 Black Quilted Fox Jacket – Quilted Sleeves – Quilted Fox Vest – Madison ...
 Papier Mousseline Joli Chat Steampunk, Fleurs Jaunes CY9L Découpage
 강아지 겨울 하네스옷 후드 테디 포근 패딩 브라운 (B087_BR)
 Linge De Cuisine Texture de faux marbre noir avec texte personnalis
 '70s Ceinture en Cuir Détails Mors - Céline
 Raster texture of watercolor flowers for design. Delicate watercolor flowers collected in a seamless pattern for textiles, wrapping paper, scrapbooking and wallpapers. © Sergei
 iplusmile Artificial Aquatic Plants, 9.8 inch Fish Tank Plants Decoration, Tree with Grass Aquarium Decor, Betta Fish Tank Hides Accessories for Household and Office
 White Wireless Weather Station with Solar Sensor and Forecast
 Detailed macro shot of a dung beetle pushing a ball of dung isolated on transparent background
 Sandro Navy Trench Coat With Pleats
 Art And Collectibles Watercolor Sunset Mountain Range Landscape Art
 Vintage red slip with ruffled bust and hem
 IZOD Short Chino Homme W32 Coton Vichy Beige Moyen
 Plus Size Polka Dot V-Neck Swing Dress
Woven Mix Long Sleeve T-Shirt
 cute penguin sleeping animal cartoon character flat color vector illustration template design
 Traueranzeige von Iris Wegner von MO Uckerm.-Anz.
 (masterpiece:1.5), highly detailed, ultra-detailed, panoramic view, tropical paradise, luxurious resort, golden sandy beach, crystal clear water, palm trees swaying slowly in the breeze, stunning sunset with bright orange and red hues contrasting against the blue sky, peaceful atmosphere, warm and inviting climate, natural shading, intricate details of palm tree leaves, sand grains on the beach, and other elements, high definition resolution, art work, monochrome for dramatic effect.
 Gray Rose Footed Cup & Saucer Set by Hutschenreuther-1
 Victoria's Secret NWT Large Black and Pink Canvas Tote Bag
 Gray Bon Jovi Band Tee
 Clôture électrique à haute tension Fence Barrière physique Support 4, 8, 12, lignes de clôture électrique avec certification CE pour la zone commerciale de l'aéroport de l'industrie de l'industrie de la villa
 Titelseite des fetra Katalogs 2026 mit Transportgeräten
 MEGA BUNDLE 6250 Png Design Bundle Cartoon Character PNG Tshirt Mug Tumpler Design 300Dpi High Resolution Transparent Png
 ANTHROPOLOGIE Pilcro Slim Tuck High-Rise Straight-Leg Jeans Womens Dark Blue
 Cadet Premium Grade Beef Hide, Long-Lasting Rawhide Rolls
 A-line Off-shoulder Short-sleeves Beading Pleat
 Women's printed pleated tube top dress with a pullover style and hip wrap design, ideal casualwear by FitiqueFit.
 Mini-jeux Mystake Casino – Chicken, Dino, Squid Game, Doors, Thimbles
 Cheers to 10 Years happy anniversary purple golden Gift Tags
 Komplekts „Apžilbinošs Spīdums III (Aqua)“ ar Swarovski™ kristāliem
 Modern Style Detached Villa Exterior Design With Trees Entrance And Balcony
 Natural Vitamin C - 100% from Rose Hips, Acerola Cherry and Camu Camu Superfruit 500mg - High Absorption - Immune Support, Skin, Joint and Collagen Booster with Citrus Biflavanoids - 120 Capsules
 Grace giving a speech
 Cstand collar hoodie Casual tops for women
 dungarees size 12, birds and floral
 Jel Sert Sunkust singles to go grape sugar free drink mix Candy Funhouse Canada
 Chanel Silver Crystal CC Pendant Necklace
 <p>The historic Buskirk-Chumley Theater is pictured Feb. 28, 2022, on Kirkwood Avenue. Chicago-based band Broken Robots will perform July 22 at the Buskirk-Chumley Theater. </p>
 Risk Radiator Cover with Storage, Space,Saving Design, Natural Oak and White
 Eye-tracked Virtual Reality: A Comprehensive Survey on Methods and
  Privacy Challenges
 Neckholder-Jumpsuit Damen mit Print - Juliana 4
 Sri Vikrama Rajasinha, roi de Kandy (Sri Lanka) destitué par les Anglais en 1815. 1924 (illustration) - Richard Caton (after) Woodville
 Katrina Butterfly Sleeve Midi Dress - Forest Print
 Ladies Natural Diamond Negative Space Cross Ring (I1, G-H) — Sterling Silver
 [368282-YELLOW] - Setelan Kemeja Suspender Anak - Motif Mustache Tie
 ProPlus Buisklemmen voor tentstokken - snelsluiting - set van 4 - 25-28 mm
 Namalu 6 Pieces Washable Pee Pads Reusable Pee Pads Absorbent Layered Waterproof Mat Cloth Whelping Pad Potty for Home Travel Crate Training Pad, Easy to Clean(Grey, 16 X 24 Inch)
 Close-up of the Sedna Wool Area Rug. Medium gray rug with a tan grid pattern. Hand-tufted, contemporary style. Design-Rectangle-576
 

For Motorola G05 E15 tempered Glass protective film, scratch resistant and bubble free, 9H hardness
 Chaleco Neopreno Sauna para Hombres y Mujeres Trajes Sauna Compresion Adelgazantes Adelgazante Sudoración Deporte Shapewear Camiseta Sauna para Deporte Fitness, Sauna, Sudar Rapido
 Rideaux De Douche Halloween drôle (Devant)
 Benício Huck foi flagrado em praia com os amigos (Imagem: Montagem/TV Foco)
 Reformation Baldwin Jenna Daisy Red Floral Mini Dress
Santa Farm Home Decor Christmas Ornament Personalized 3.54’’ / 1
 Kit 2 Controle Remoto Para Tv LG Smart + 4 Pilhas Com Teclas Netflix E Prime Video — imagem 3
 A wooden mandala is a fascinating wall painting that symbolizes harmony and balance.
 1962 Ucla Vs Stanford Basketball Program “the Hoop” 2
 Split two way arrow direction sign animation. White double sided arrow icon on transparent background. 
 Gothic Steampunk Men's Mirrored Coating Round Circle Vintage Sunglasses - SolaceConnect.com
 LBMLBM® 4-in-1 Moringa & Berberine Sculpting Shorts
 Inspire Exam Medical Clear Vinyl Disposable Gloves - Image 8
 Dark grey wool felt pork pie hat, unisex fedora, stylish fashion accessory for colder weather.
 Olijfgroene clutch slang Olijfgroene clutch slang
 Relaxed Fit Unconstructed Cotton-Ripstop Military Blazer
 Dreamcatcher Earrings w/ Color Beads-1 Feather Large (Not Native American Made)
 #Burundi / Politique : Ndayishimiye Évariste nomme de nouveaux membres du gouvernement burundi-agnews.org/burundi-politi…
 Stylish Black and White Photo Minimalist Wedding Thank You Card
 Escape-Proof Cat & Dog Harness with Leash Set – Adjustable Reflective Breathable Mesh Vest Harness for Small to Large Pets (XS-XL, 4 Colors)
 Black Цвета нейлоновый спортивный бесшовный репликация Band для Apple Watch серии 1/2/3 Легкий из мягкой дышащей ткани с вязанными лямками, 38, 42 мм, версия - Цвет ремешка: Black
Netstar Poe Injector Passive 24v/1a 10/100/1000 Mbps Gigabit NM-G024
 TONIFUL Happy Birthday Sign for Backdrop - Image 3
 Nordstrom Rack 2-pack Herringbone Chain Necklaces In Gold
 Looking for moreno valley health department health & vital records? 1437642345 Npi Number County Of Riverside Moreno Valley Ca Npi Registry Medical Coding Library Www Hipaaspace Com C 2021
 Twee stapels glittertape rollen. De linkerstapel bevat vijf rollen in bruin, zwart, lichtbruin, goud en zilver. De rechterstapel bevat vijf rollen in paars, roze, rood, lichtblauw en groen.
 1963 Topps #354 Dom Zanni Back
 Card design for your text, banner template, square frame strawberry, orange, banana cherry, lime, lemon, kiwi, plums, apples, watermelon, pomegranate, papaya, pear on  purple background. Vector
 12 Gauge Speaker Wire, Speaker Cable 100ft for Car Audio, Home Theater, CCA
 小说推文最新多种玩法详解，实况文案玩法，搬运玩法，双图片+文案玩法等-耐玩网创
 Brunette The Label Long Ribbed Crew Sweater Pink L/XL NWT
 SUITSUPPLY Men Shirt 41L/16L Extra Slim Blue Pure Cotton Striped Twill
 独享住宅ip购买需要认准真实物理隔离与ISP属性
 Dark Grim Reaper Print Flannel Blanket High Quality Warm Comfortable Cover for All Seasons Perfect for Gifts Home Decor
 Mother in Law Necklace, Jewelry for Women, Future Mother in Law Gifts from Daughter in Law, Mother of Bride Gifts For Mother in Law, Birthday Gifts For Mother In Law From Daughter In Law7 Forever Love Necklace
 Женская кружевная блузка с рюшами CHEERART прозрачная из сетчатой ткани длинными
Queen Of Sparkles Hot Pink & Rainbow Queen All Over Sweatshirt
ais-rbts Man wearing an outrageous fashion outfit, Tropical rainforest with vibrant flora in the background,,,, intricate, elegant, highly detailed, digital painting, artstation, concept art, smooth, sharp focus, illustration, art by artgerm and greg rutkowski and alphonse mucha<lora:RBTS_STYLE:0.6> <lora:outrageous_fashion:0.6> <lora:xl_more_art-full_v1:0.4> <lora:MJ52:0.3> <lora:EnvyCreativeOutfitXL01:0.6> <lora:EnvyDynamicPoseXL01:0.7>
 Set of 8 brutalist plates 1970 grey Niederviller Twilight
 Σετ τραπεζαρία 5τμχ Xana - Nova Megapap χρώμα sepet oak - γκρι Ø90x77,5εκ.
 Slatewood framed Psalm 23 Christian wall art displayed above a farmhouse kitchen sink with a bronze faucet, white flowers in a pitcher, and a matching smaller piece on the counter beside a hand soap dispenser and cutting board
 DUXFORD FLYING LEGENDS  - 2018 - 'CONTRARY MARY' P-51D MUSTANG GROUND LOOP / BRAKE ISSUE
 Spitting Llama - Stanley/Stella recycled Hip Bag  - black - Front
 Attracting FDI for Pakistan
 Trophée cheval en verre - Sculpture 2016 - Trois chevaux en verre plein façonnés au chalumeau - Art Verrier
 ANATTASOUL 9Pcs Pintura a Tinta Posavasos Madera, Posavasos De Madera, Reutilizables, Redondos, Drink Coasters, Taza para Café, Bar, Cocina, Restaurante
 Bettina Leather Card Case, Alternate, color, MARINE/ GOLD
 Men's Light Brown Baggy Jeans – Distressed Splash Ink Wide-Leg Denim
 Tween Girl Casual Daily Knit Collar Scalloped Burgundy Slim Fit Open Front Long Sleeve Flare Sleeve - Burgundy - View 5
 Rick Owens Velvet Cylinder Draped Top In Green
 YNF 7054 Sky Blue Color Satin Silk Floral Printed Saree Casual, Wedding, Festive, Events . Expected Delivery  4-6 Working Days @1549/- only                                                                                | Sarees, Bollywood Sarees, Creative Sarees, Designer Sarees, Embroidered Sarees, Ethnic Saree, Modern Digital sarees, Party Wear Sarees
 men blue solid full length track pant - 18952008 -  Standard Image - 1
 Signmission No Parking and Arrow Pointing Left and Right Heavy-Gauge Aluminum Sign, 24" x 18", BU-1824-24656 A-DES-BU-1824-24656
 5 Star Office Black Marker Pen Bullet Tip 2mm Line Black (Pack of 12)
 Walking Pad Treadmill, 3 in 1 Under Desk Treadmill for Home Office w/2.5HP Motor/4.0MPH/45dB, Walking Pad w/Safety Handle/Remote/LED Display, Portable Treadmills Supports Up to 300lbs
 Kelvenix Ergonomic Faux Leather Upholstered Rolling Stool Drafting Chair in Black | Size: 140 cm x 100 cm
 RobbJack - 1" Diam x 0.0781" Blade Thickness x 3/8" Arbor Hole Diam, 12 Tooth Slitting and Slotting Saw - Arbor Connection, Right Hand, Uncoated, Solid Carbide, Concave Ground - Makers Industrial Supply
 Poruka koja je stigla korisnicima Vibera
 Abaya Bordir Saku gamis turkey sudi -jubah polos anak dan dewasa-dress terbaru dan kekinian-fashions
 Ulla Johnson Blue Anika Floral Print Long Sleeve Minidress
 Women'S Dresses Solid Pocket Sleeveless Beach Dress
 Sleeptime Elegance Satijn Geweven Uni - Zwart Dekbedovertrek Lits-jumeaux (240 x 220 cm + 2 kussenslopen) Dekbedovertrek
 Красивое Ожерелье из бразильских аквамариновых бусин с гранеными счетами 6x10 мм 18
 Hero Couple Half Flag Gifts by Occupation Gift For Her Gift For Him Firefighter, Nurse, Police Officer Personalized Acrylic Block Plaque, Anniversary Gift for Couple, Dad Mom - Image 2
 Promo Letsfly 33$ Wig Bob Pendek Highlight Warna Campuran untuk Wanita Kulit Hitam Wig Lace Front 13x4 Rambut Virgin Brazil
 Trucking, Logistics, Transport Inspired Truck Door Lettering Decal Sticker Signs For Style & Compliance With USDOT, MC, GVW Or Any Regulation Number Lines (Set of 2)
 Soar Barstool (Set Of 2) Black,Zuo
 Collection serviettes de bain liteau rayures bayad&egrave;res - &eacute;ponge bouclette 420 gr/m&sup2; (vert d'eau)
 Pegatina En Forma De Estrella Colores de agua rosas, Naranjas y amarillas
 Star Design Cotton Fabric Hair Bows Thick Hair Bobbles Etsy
___
▶ [Task statement] Your task is to restate, word for word, only those lines above that fall between the line holding "Privacy Challenges" and the line holding "For Motorola G05", inclusive.

▶ [Output of the task]
  Privacy Challenges
 Neckholder-Jumpsuit Damen mit Print - Juliana 4
 Sri Vikrama Rajasinha, roi de Kandy (Sri Lanka) destitué par les Anglais en 1815. 1924 (illustration) - Richard Caton (after) Woodville
 Katrina Butterfly Sleeve Midi Dress - Forest Print
 Ladies Natural Diamond Negative Space Cross Ring (I1, G-H) — Sterling Silver
 [368282-YELLOW] - Setelan Kemeja Suspender Anak - Motif Mustache Tie
 ProPlus Buisklemmen voor tentstokken - snelsluiting - set van 4 - 25-28 mm
 Namalu 6 Pieces Washable Pee Pads Reusable Pee Pads Absorbent Layered Waterproof Mat Cloth Whelping Pad Potty for Home Travel Crate Training Pad, Easy to Clean(Grey, 16 X 24 Inch)
 Close-up of the Sedna Wool Area Rug. Medium gray rug with a tan grid pattern. Hand-tufted, contemporary style. Design-Rectangle-576
 

For Motorola G05 E15 tempered Glass protective film, scratch resistant and bubble free, 9H hardness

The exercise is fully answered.